Categories: Pandas

Concatenate, Merge, And Join Data with Pandas

Importance of Merging & Joining Data

Many need to join data with Pandas, however there are several operations that are compatible with this functional action. Pandas provides many powerful data analysis functions including the ability to perform:

  • Merging DataFrames
  • Joining Data
  • Appending
  • Concatenation

These four areas of data manipulation are extremely powerful when used for fusing together Pandas DataFrame and Series objects in various configurations. All of these joins are in-memory operations very similar to the operations that can be performed in SQL.

Types of Joins

When we think about merging or joining data, we need to first remember the options available to us and what those options will ultimately mean for the output of our joining operation.

There are 6 distinct types of joins available to us, similar to those in SQL like statements:

  • Left Join
  • Full Outer Join
  • Left Join (if NULL)
  • Inner Join
  • Right Join
  • RIght Join (if NULL)
Types of joins, Source: StackOverflow

It is possible to join data with Pandas in each of these configurations as we’ll cover in the the below.

Example Data

In this tutorial, we make use of a dataset provided by FSU to fuse together data in various formats from the original dataset.
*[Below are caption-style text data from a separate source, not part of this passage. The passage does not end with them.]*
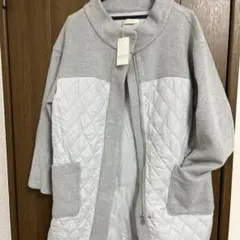 CORDIER グレー キルティング ロングコート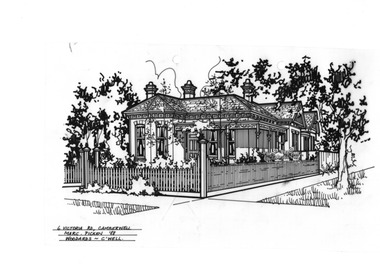 Drawing (series) - Architectural drawing, 6 Victoria Road, Camberwell, 1988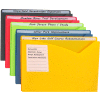 C-Line produits Write-on Poly fichier vestes, assortis, 11 X 8 1/2, 10/PK
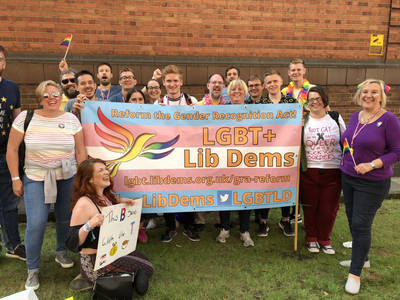 Image courtesy of Iain Donaldson The Liberal Democrats at Manchester Pride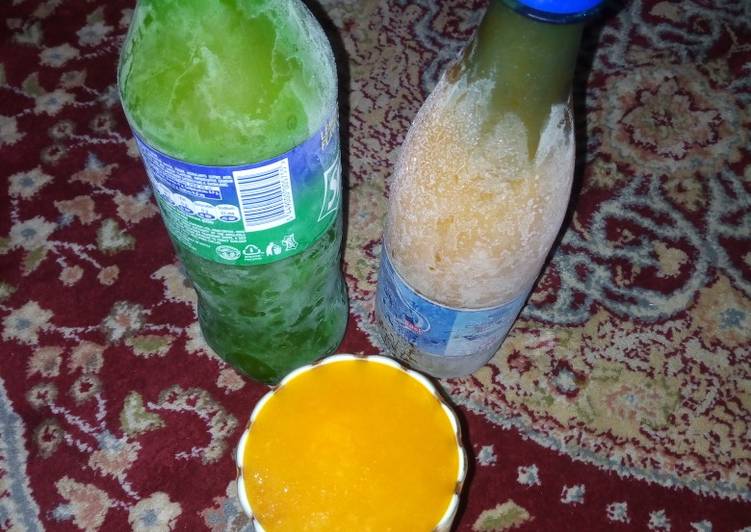 Recipe of Favorite Iced Mangrot drink (Mango + Carrot) | Quick Recipe For Two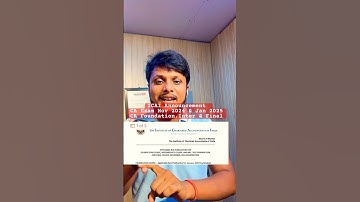 ICAI Announcement CA Exam Nov 2024 & Jan 2025CA Foundation,Inter & Final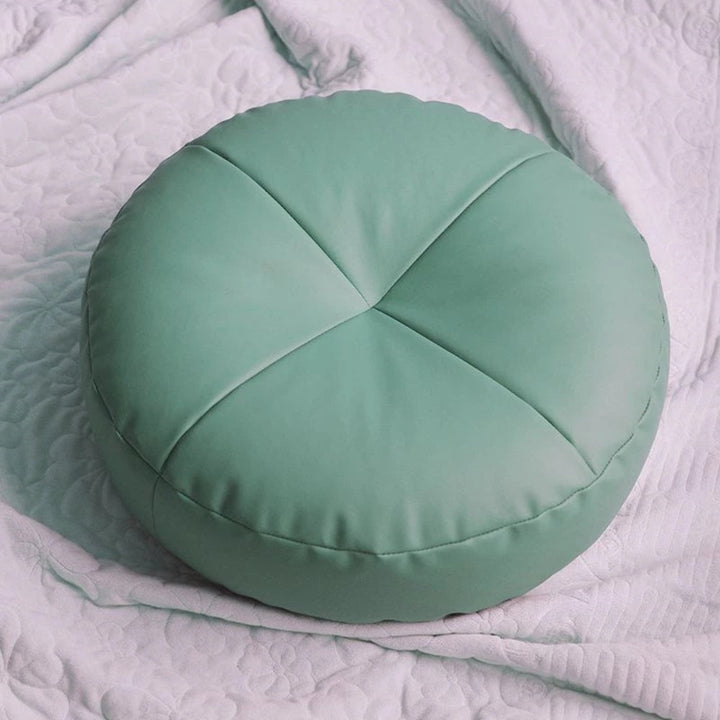 Nappa Leren Kussen in Japanse Stijl met Minimalistisch Design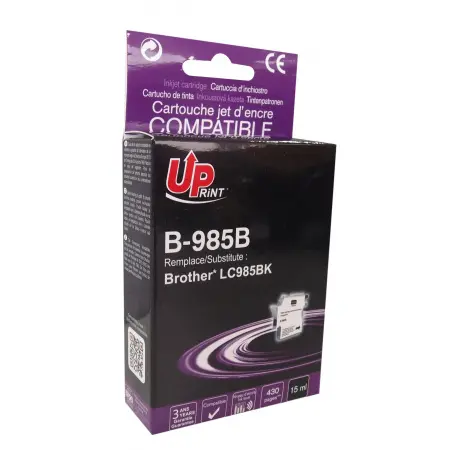UPRINT CARTOUCHE COMPATIBLE BROTHER 985-REMPLACE LC985 BLACK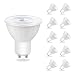 Undimmable 10X GU5.3 MR16 LED Bulbs,5W Equal to 50W Halogen Bulb, 12V, Cutting Edge Design, 300lm, Warm White, LED Light Bulbs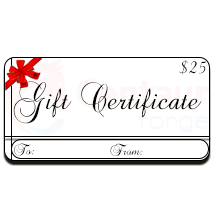 $25 - Gift Certificate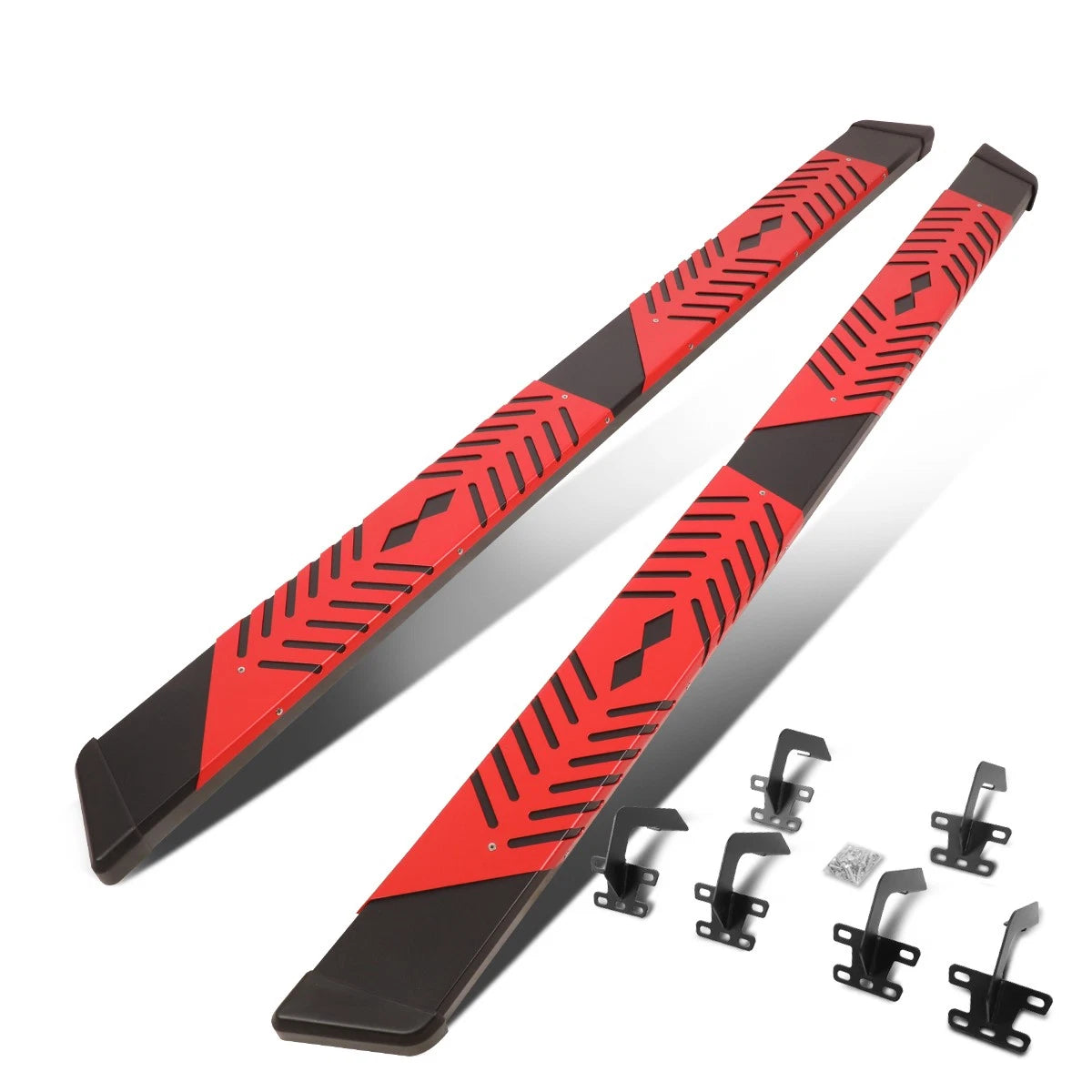 Set of 2 Running Boards for Ram 1500 Pickup (2019–2022) 5.5" Crew Cab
If you’re following along in a Python script or a Jupyter Notebook you can access the data using the below functions.

file_name = "https://people.sc.fsu.edu/~jburkardt/data/csv/homes.csv"
df = pd.read_csv(file_name)

After loading the data into a DataFrame (df) we then clean up the column names to remove the extra ” and space values.

df.columns = ['Sell', 'List', 'Living', 'Rooms', 'Beds', 'Baths',
       'Age', 'Acres', 'Taxes']

Once this is performed we generate several additional DataFrames from our main DataFrame for usage down in our analysis of each of the merge, join, concat, and append functions. Those will be generated throughout this tutorial.

While working through this tutorial we’ll use several DataFrames to perform our joins: df; rooms; taxes; sb; & lb. The definitions for each are below, except for df which is defined earlier in our code:

rooms = df.groupby(['Rooms']).mean()
taxes = df[['Beds','Taxes']].groupby('Beds').mean().reset_index()
lb = df[df['large_beds']= True]
sb = df[df['large_beds'] == False]

merge() function in Pandas

The merge() function is one of the most powerful functions within the Pandas library for joining data in a variety of ways. There are large similarities between the merge function and the join functions you normally see in SQL. Its arguments are fairly straightforward once we understand the section above on Types of Joins.

merge contains nine arguments, only some of which are required values.

pd.merge(left, right, how='inner', on=None, left_on=None, right_on=None,
left_index=False, right_index=False, sort=True)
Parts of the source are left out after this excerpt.